Assess the necessity and cost of specialized technology required to handle functions internally versus outsourcing them. Consider whether outsourcing can provide access to the needed technology at a more affordable price, eliminating the need for your team to manage and invest in specialized equipment or software. This comparison can help determine if outsourcing offers a cost-effective solution while meeting technological requirements.
Bonus Questions:
Once a decision to outsource has been made, selecting the right partner to handle internal functions is crucial. Sunil Rao also shared five essential questions to ask potential vendors. These questions are designed to help ensure that the chosen company is well-suited to meet your outsourcing needs effectively.

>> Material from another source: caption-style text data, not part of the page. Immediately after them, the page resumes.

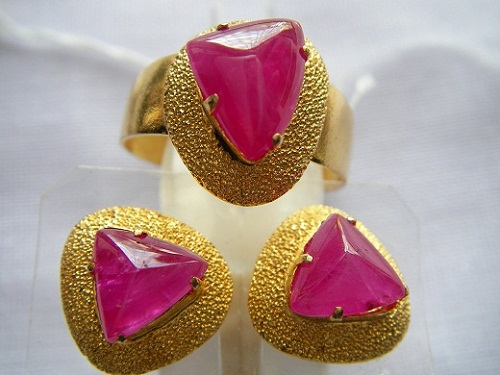 ทับทิมพม่า ชุดแหวน+ต่างหู สามเหลี่ยมทรงเรือใบ เนื้อแก้วชมพูแดงสวยกระทัดรัด ขนาดแหวน0.95x0.78x0.29มม. ขนาดต่างหู0.73x0.75มม.นน.4.24ct. โทร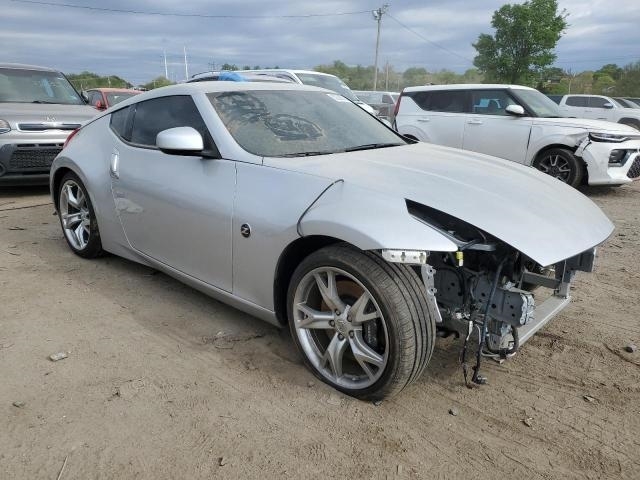 2011 Nissan 370Z Coupe 6MT's photo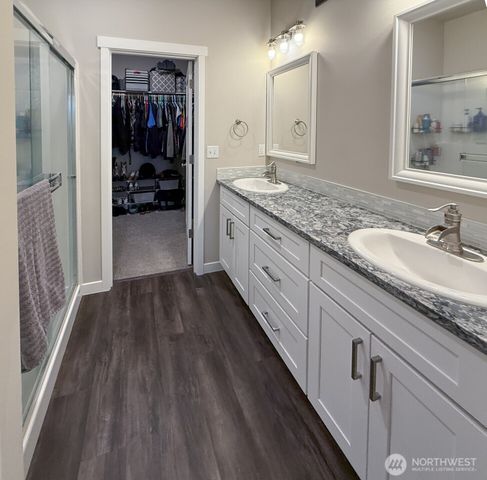 209 Fenway Court, Napavine, WA 98532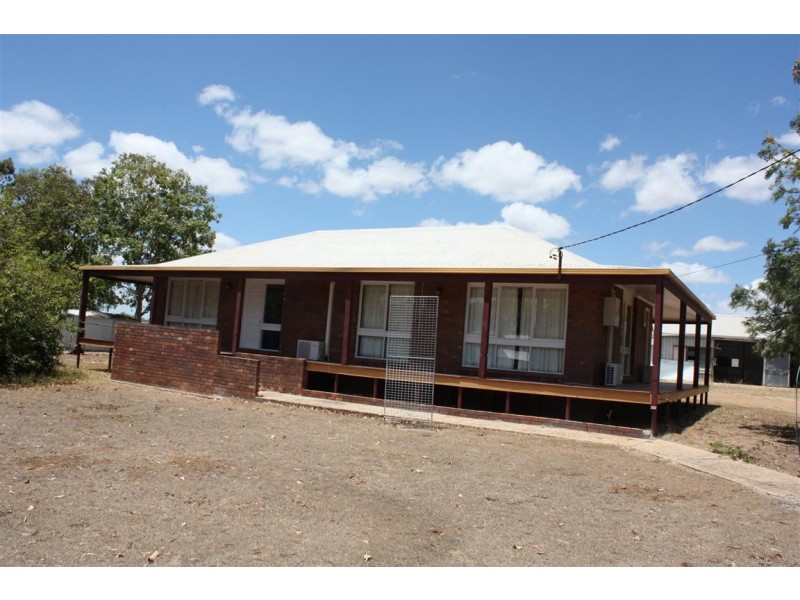 10 Retro Street, Capella QLD 4723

1. How well-funded is the company?
Assess whether the company has sufficient funding to support its team and sustain growth. This evaluation helps ensure that the company is financially stable and capable of meeting your outsourcing needs long-term.
2. What is the cost of their failure?
Consider the potential impact on your company if the outsourcing provider fails or goes out of business. Evaluate the stability and longevity of the company and how their potential failure could affect your operations in the next 2 or 3 years. Assessing this risk is crucial for ensuring continuity and planning for contingencies.
3. What is their policy on internal training?
Investigate the outsourcing provider's commitment to ongoing employee training. Determine if their experts are equipped to keep pace with industry developments and whether they continuously upgrade their skills. This is crucial for ensuring that the team managing your business functions remains competent and effective as industry standards evolve.
4. What is their history of maintaining and promoting talent internally?
Examine the outsourcing provider's track record for employee retention and internal promotion. High turnover can affect the consistency and quality of services provided. Determine if the company is known for nurturing and advancing talent contributing to a stable and expert team capable of effectively growing and managing their responsibilities.
5. What is their company culture and approach to partnerships?
Explore the outsourcing provider's company culture and how they treat their employees and partners. Since a procurement service acts as an extension of your own company, their values must align with yours. Assess whether their concept of partnership and treatment of people are compatible with your company’s culture, ensuring a harmonious and effective collaboration.
In the intricate decision-making landscape of insourcing versus outsourcing for mid-market financial firms, Sunil Rao’s questions provide a comprehensive roadmap. Through a series of strategically crafted questions, the questions help leaders not only evaluate the immediate operational and financial implications but also consider long-term impacts on company culture, security, and scalability. The additional questions for selecting the right outsourcing partner underscore the necessity of alignment in financial stability, growth potential, and values. Ultimately, these insights guide executives in making informed, strategic choices that align with their firm’s core functions and future aspirations, ensuring that every decision enhances their ability to adapt and thrive in an ever-evolving market.